Home
Calkit is an open source framework and toolkit for reproducible research projects. It acts as a top-level layer to integrate and simplify the use of enabling technologies such as Git, DVC, Conda, and Docker. Calkit also adds a domain-specific data model such that all aspects of the research process can be fully described in a single repository and therefore easily consumed by others.
Our goal is to make reproducibility easier so it becomes more common. To do this, we try to make it easy for users to follow two simple rules:
- Keep everything in version control. This includes large files like datasets, enabled by DVC. The Calkit Cloud, hosted at calkit.io, serves as a simple default DVC remote storage location for those who do not want to manage their own infrastructure.
- Generate all important artifacts with a single pipeline. There should be
no special instructions required to reproduce a project's artifacts.
It should be as simple as calling
calkit run
. The DVC pipeline (in a project'sdvc.yaml
file) is therefore the main thing to "build" throughout a research project.

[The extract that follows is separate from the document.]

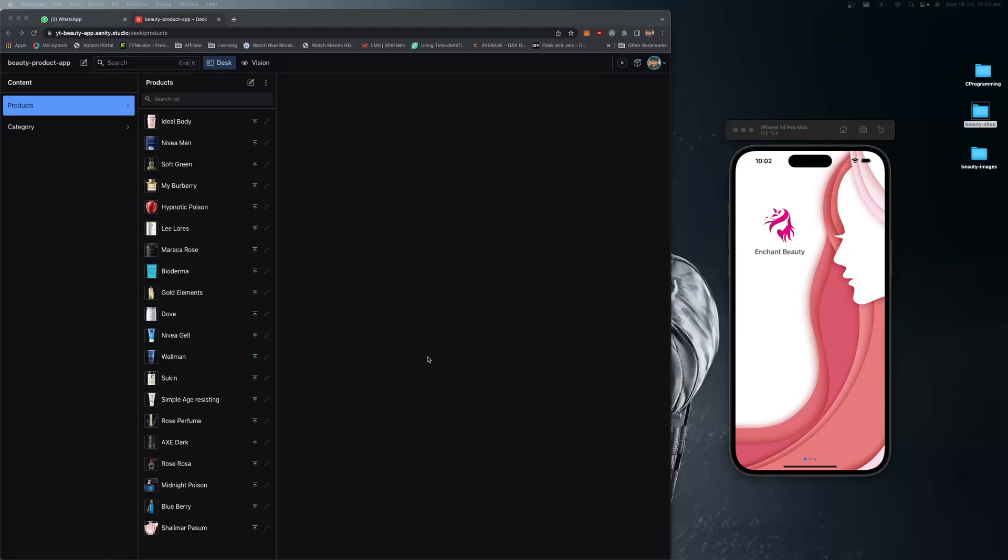Welcome back! Today I'm going to show you the beauty product app which we'll be learning in the upcoming tutorials. This is a brief introduction of what we're going to build in this course - a hybrid application.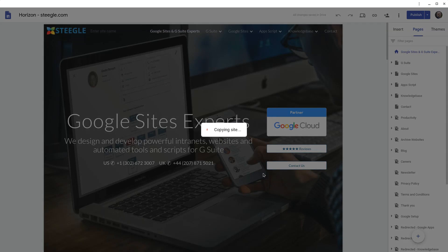This will start the copying site process. If your site is a very large site, it will give you a notification that it will email you when the copy is ready. If your site is small enough to copy, then it will do this instantaneously.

Calkit provides helper functionality to build pipeline stages that keep computational environments up-to-date and label their outputs for convenient reuse.
Features
- A version control interface that unifies and simplifies interaction with Git and DVC.
- Automated environment management.
- A project metadata model to declare global dependencies, environments, and artifacts like datasets, figures, notebooks, and publications to facilitate searchability and reuse.
- A complementary cloud platform to interact with the project and its artifacts, which also serves as a DVC remote.
- Templates for projects, publications, and more.
- The ability to declare, execute, and track manual procedures and pipeline stages with manual steps.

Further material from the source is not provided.